*** Block opens ***

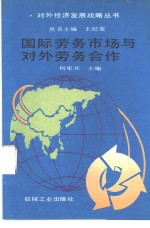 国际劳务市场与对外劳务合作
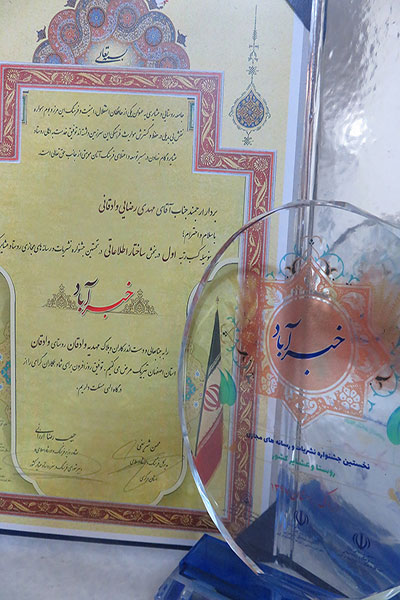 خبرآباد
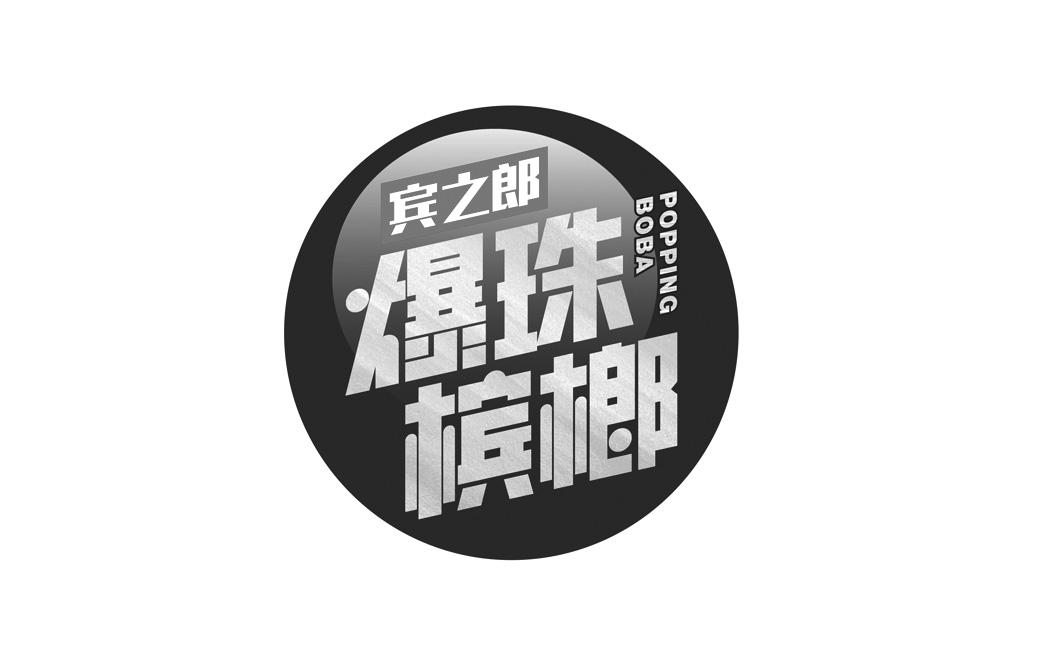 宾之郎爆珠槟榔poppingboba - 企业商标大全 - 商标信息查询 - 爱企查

*** Block closes ***
*** Block opens ***

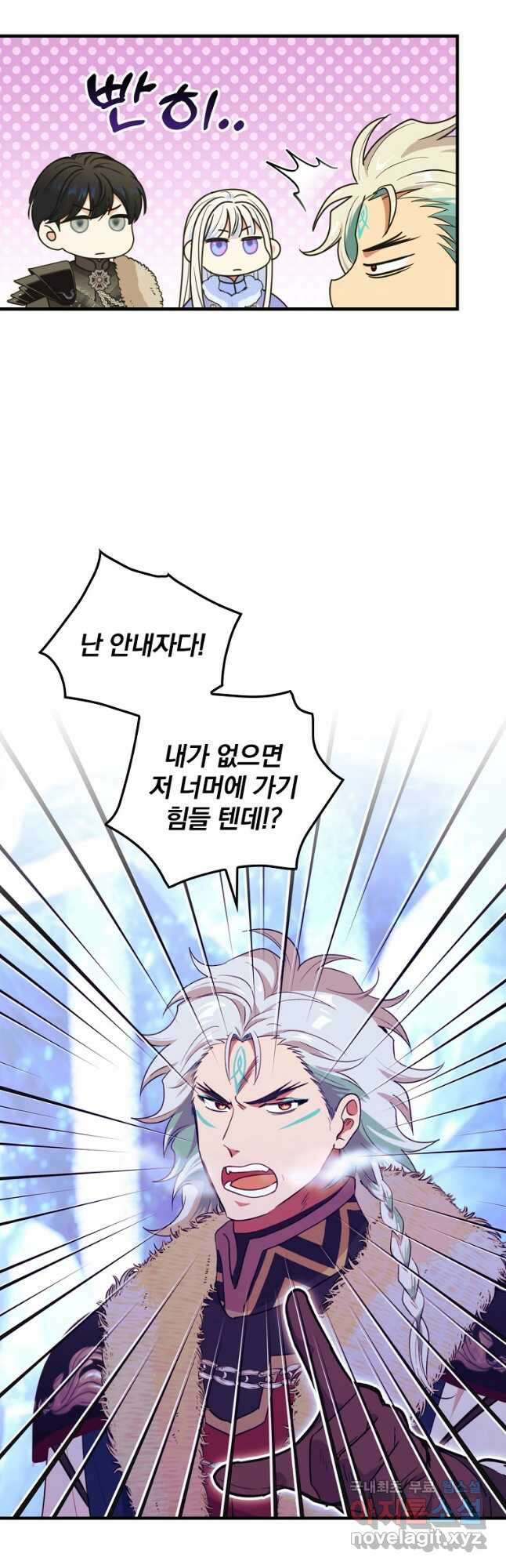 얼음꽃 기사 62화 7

*** Block closes ***

— Work to be completed —
Could you transcribe exactly the entries above, but only the lines from the one with "国际劳务市场与对外劳务合作" through the one with "宾之郎爆珠槟榔poppingboba - 企业商标大全 - 商标信息查询 - 爱企查", and without pictures?

— Result —
 国际劳务市场与对外劳务合作
 خبرآباد
 宾之郎爆珠槟榔poppingboba - 企业商标大全 - 商标信息查询 - 爱企查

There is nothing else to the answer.